We were expected to make a daily attendance at one of the confessionals off the main cloister. We climbed up four steps to a tiny cupboard with a door we closed behind us, so we sat in airless darkness to confess ourselves. The grates were cut directly into the wall of the public part of the church: our voices floated through the holes into the place where our bodies were not allowed to go. After each confession – at which Marcella Fasan invented for Sor Constanza a repertoire of mild sins – I emerged blinking into the cloister with its red ochre arches and carmine geraniums.
We were permitted to look after our own gardens, growing flowers for our
hornacinas
. Our servants might go out of the convent to buy seeds and kitchen supplies for us. And of course they came back with ears full of town gossip, items of which were traded like cards in a highly staked game.
Friendships between the nuns could be managed, it seemed. I heard giggles and conversations from behind wooden shutters as I made my way down the Calle Toledo. Yet no one in those first few months of my professed life invited me into their cell, or sat beside me confidentially in the choir. I divined that the
vicaria
had made the other nuns afraid to talk to me.
Like many of the nuns, I made a pet of a living flea in a green glass flask.
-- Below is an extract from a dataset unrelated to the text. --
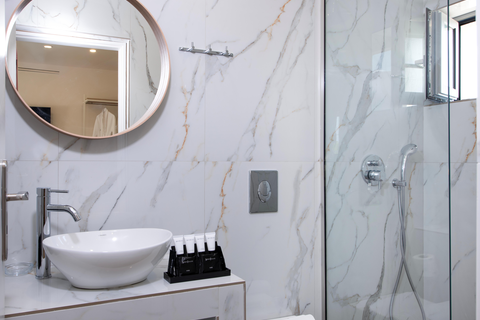 Villaggio Mare Suites foto 19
Indeed, his antics were companionable during the long hours of prayer. The convent fleas seemed much delighted by the
limpieza de sangre
, the purity of the blood that they sucked from the nuns at Santa Catalina.
Josefa would pick them out of my bedlinen with iron forceps and line up the corpses on my
hornacina
as an offering to my ugly Santa Rosa, observing, ‘Shame they can’t bite her. She like that, eh?’
Doctor Santo Aldobrandini
When the Waterloo’d Napoleon was transported down to the island of St Helena in the South Pacific, I had the strangest revelation. Marcella was now physically closer to Bonaparte than she was to me.
While I marked out all my days of loss, I began to feel a bizarre kinship with my old patient in his last decline. Did he, like me, quite fail to kill the hope that his life might be given back to him? Did he dream of release, just as I dreamed of rescuing Marcella? Did his mind trace the waves pleating under his ship’s prow, all the way back to his finest hour on the battlefield, just as I remembered my finest second, that in which my lips had been joined to Marcella’s?
Unbeknownst to the generals who had fought and feared him, Napoleon was all along nursing inside his own belly the enemy that would be his nemesis. A prepyloric ulcer was carving out a long niche that would eventually be occupied by a cancerous tumour.
By the time Napoleon was confined on St Helena, the tumour was already on its invisible march north, south, east and west inside
him. To mitigate his intestinal cramps, his doctors set about killing him slowly with colonic irrigations and vomits induced by antimony potassium tartrate. Repeated doses left him with the flow of blood to his brain interrupted by scattered bursts of heartbeats, like gunfire in battle.
Napoleon had no friends on St Helena. In his circumstances, a doctor, however constant his attendance at your side, is not a friend. That doctor is the person who will document your death, ache by ache, gasp by gasp.
Did Marcella gasp on the mountain air? Or was she nourished by its purity? Did they allow her paper to keep her diary? To draw on? Did she have a doctor? I found myself searingly jealous of the unknown Arequipan surgeon who would have the privilege of touching Marcella’s leg, and standing in such proximity to her luminous skin that his own astonished face would be bathed in light.
Marcella Fasan
Josefa gave me to understand that she would scrutinize my behaviour for a provisional period before allowing herself too many familiarities.
‘Noble girls strange,’ she said. ‘Seem nice, then sudden mean and stuck up.’